══ Information given ══

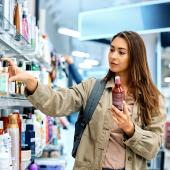 Eine junge Frau in einer Drogerie, sie nimmt eine Tube aus dem Regal und hält eine andere in der Hand.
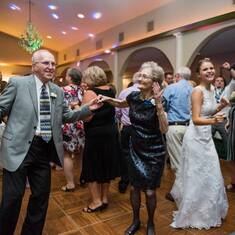 Nancy and Dan Pollnow light up the dance floor at the Mary and Dillon Leisure wedding.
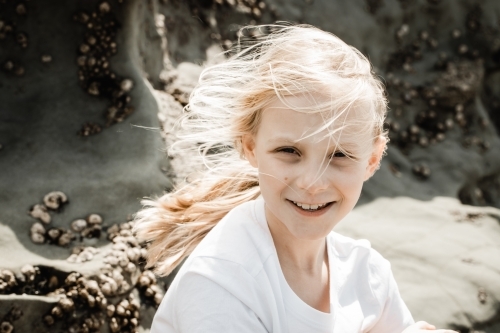 A young girl sitting at a beach cliff with wind blown hair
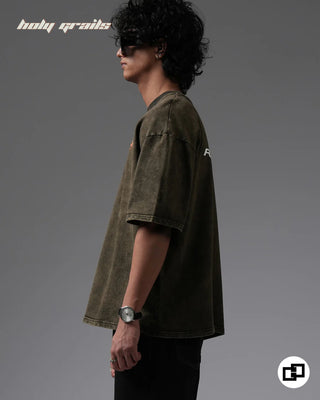 Person wearing a 'Behind For A Reason' Olive Green 240 GSM 100% Cotton Oversized Acid Wash T-Shirt with a brand logo on a gray background - Side 2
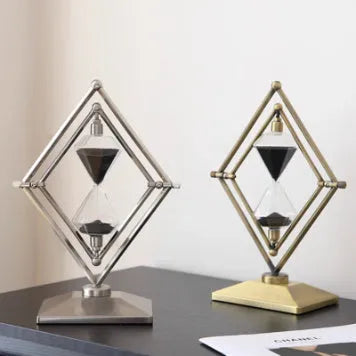 Glass sand timer with zinc alloy metal ornaments showing bronze or silver finish with white or black sand
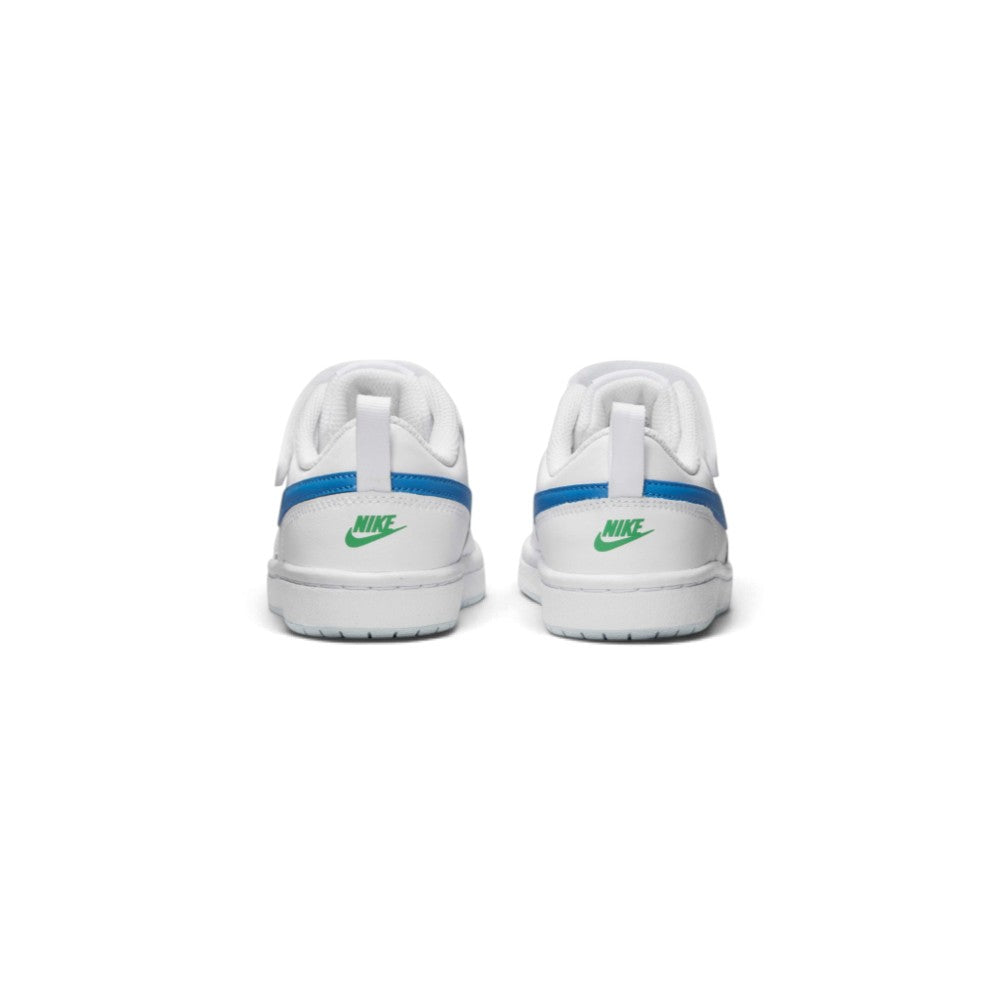 Rear view of the sneakers emphasizing the heel pull loops, blue ankle collar trim, and green Nike branding embroidered on the heel tabs.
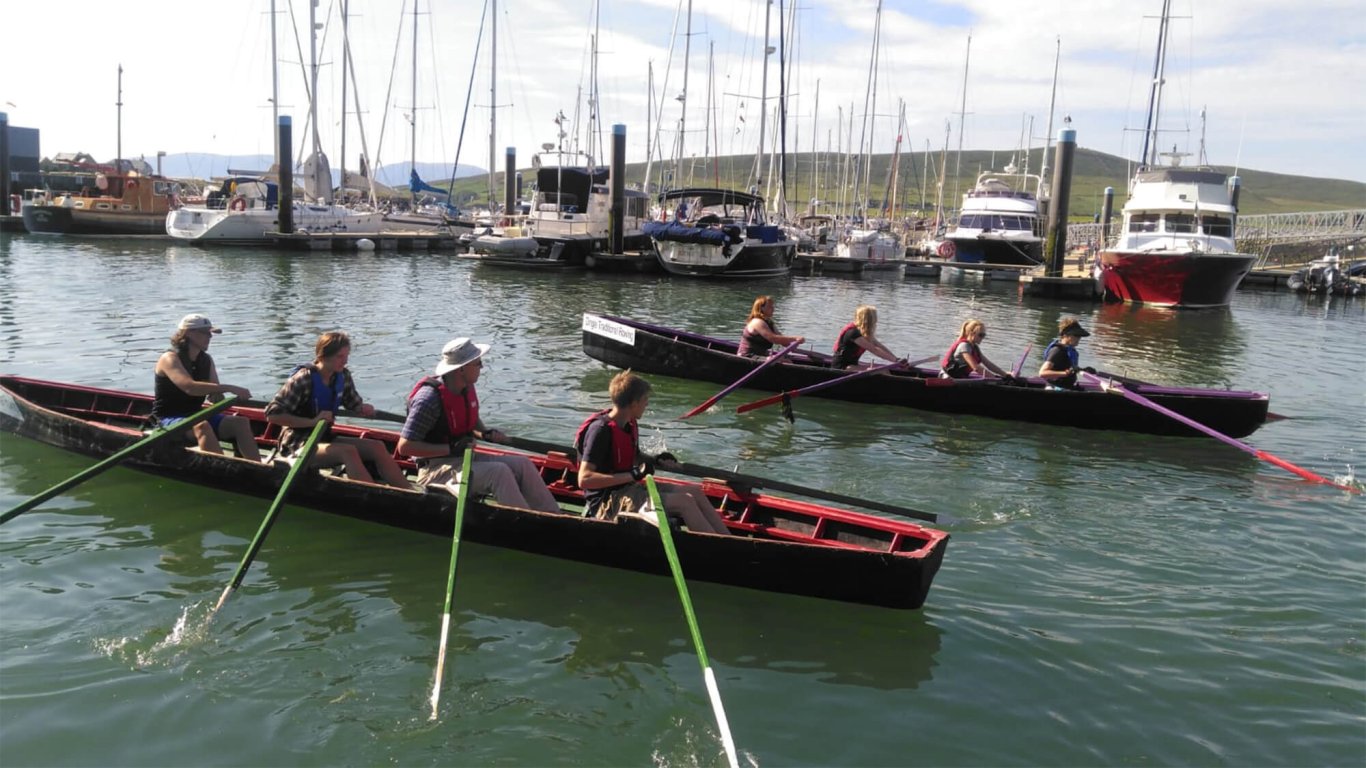 Two teams rowing Naomhóg boats in Dingle harbour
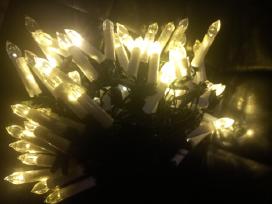 50 vnt. LED zvakes su segtuku,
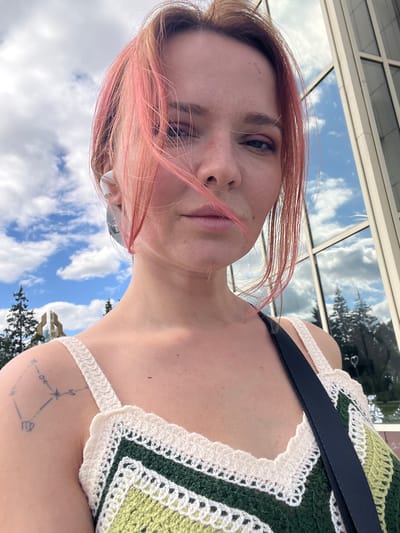 A close-up, waist-up, selfie taken outdoors on a sunny day. The subject, a young woman with pink-dyed hair and freckles, is looking towards the camera. She is wearing a crocheted top with white and green patterns and a black strap. A small tattoo of a constellation is visible on her left shoulder. The background includes a blue sky with white clouds, trees, and a modern building with reflective glass windows. The environment suggests an urban setting, potentially near a park or a public building in Mezhdurechenskiy, Russia.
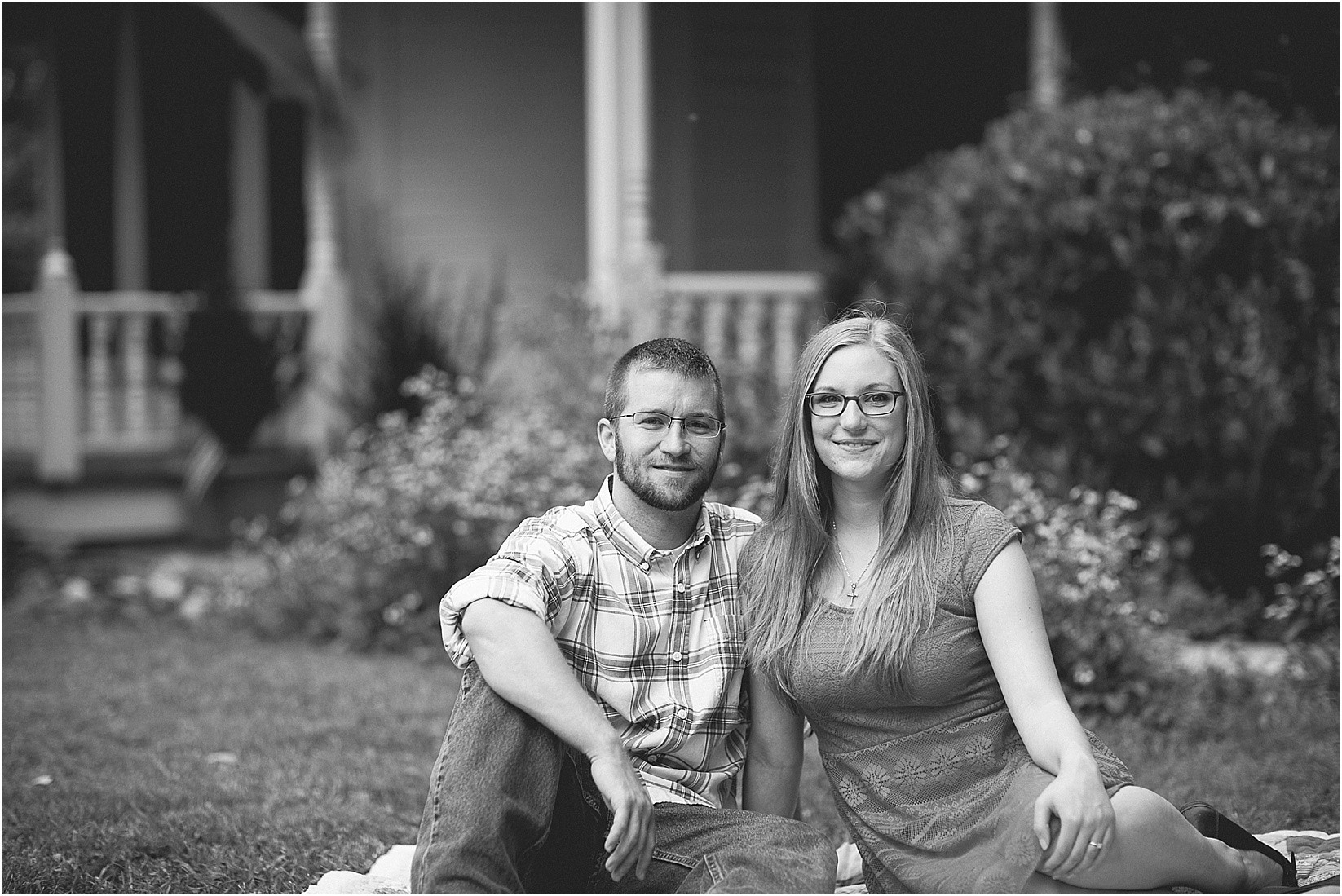 sitting in the grass during Andria & Matts Mount Pleasant engagement session in downtown mount pleasant nc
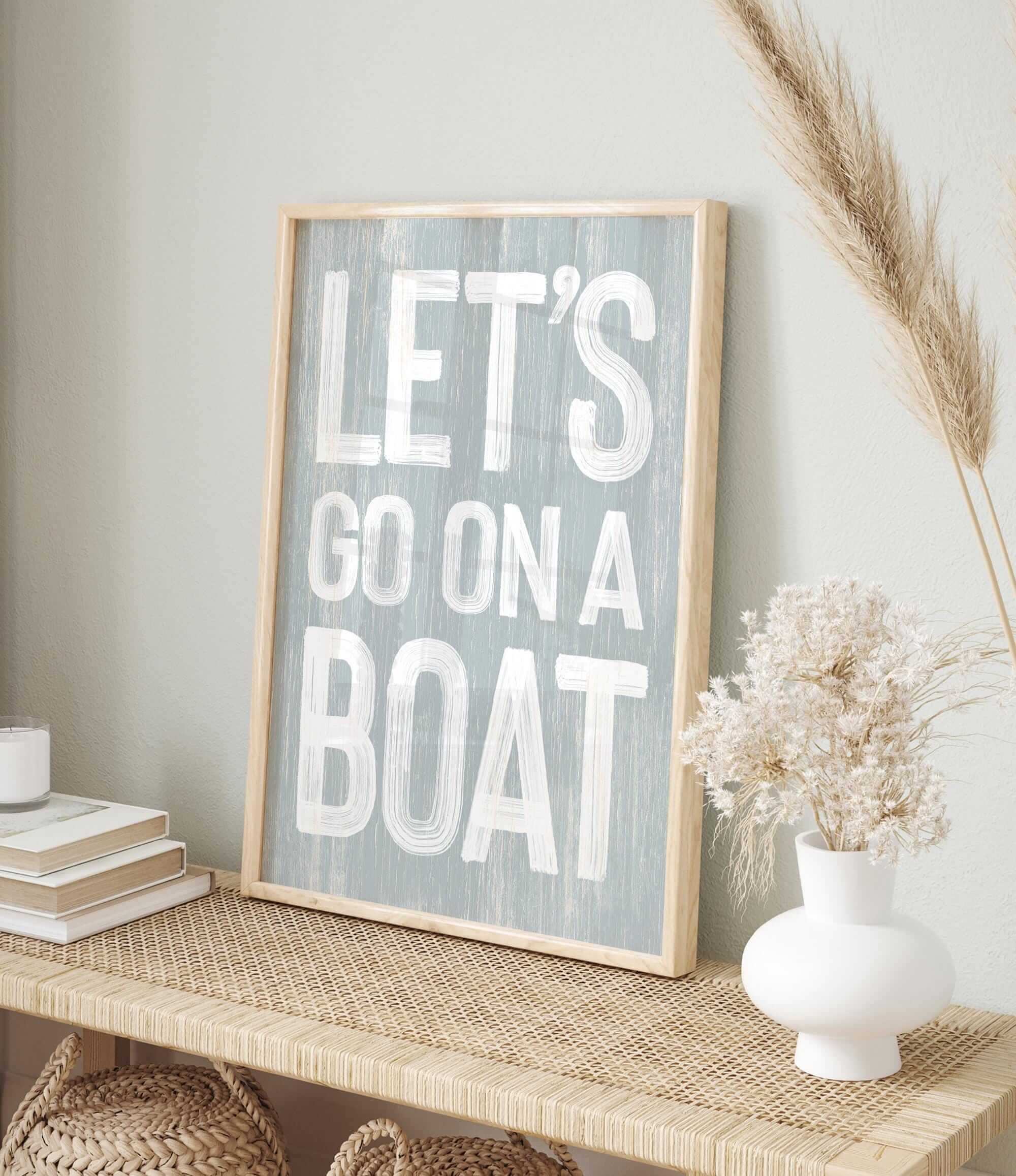 a sign that says let&#39;s go on a boat on a shelf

═══

◆ **Exercise goal**
Once the line with "Glass sand timer" is found, write out that line and every later line of the listing above exactly, through the last one, and skip any pictures.

◆ **Result for this task**
 Glass sand timer with zinc alloy metal ornaments showing bronze or silver finish with white or black sand
 Rear view of the sneakers emphasizing the heel pull loops, blue ankle collar trim, and green Nike branding embroidered on the heel tabs.
 Two teams rowing Naomhóg boats in Dingle harbour
 50 vnt. LED zvakes su segtuku,
 A close-up, waist-up, selfie taken outdoors on a sunny day. The subject, a young woman with pink-dyed hair and freckles, is looking towards the camera. She is wearing a crocheted top with white and green patterns and a black strap. A small tattoo of a constellation is visible on her left shoulder. The background includes a blue sky with white clouds, trees, and a modern building with reflective glass windows. The environment suggests an urban setting, potentially near a park or a public building in Mezhdurechenskiy, Russia.
 sitting in the grass during Andria & Matts Mount Pleasant engagement session in downtown mount pleasant nc
 a sign that says let&#39;s go on a boat on a shelf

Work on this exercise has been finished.